(Beginning of Supplied information)

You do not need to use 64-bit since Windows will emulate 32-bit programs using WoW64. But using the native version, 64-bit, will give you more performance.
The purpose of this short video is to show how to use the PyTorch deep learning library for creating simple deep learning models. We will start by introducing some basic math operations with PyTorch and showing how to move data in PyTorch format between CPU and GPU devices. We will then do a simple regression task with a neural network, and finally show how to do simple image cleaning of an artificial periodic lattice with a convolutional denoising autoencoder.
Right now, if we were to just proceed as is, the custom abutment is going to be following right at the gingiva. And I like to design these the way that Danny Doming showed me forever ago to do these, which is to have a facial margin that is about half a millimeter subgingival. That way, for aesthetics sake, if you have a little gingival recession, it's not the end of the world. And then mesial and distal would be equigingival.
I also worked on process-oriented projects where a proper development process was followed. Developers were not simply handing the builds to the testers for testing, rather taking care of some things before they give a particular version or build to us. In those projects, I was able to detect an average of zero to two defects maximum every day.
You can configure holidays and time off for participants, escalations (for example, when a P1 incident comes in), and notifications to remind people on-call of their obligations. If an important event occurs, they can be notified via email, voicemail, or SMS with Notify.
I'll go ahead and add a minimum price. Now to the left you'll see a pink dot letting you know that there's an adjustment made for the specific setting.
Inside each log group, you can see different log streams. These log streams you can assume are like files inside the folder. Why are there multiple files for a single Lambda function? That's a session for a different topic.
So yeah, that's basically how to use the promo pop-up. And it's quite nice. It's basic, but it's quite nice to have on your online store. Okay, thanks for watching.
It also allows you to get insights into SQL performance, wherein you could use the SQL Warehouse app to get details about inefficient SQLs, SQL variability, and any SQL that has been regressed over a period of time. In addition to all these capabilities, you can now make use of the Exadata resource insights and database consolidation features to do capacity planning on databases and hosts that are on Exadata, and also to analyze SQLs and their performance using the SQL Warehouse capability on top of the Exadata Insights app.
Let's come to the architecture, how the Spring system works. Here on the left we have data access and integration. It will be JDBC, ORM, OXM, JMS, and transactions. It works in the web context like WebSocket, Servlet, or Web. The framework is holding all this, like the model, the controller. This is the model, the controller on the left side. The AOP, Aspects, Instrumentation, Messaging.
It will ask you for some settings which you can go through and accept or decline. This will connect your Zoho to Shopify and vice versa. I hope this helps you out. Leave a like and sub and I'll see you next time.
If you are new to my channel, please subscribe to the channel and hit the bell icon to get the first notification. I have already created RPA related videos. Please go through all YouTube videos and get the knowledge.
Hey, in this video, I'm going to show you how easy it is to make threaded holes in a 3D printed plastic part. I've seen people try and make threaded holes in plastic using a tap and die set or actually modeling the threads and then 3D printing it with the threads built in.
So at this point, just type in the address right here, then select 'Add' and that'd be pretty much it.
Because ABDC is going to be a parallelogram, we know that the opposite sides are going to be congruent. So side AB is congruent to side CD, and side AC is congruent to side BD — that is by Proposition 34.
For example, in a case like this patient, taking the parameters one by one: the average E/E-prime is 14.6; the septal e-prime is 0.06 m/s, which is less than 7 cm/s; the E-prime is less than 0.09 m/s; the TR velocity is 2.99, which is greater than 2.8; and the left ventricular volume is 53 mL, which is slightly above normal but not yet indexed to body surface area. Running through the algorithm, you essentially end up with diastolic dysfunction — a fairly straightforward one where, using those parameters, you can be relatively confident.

(End of Supplied information)

Please write out the records from above, keeping every line exact.

▶ _Exercise solution_:
You do not need to use 64-bit since Windows will emulate 32-bit programs using WoW64. But using the native version, 64-bit, will give you more performance.
The purpose of this short video is to show how to use the PyTorch deep learning library for creating simple deep learning models. We will start by introducing some basic math operations with PyTorch and showing how to move data in PyTorch format between CPU and GPU devices. We will then do a simple regression task with a neural network, and finally show how to do simple image cleaning of an artificial periodic lattice with a convolutional denoising autoencoder.
Right now, if we were to just proceed as is, the custom abutment is going to be following right at the gingiva. And I like to design these the way that Danny Doming showed me forever ago to do these, which is to have a facial margin that is about half a millimeter subgingival. That way, for aesthetics sake, if you have a little gingival recession, it's not the end of the world. And then mesial and distal would be equigingival.
I also worked on process-oriented projects where a proper development process was followed. Developers were not simply handing the builds to the testers for testing, rather taking care of some things before they give a particular version or build to us. In those projects, I was able to detect an average of zero to two defects maximum every day.
You can configure holidays and time off for participants, escalations (for example, when a P1 incident comes in), and notifications to remind people on-call of their obligations. If an important event occurs, they can be notified via email, voicemail, or SMS with Notify.
I'll go ahead and add a minimum price. Now to the left you'll see a pink dot letting you know that there's an adjustment made for the specific setting.
Inside each log group, you can see different log streams. These log streams you can assume are like files inside the folder. Why are there multiple files for a single Lambda function? That's a session for a different topic.
So yeah, that's basically how to use the promo pop-up. And it's quite nice. It's basic, but it's quite nice to have on your online store. Okay, thanks for watching.
It also allows you to get insights into SQL performance, wherein you could use the SQL Warehouse app to get details about inefficient SQLs, SQL variability, and any SQL that has been regressed over a period of time. In addition to all these capabilities, you can now make use of the Exadata resource insights and database consolidation features to do capacity planning on databases and hosts that are on Exadata, and also to analyze SQLs and their performance using the SQL Warehouse capability on top of the Exadata Insights app.
Let's come to the architecture, how the Spring system works. Here on the left we have data access and integration. It will be JDBC, ORM, OXM, JMS, and transactions. It works in the web context like WebSocket, Servlet, or Web. The framework is holding all this, like the model, the controller. This is the model, the controller on the left side. The AOP, Aspects, Instrumentation, Messaging.
It will ask you for some settings which you can go through and accept or decline. This will connect your Zoho to Shopify and vice versa. I hope this helps you out. Leave a like and sub and I'll see you next time.
If you are new to my channel, please subscribe to the channel and hit the bell icon to get the first notification. I have already created RPA related videos. Please go through all YouTube videos and get the knowledge.
Hey, in this video, I'm going to show you how easy it is to make threaded holes in a 3D printed plastic part. I've seen people try and make threaded holes in plastic using a tap and die set or actually modeling the threads and then 3D printing it with the threads built in.
So at this point, just type in the address right here, then select 'Add' and that'd be pretty much it.
Because ABDC is going to be a parallelogram, we know that the opposite sides are going to be congruent. So side AB is congruent to side CD, and side AC is congruent to side BD — that is by Proposition 34.
For example, in a case like this patient, taking the parameters one by one: the average E/E-prime is 14.6; the septal e-prime is 0.06 m/s, which is less than 7 cm/s; the E-prime is less than 0.09 m/s; the TR velocity is 2.99, which is greater than 2.8; and the left ventricular volume is 53 mL, which is slightly above normal but not yet indexed to body surface area. Running through the algorithm, you essentially end up with diastolic dysfunction — a fairly straightforward one where, using those parameters, you can be relatively confident.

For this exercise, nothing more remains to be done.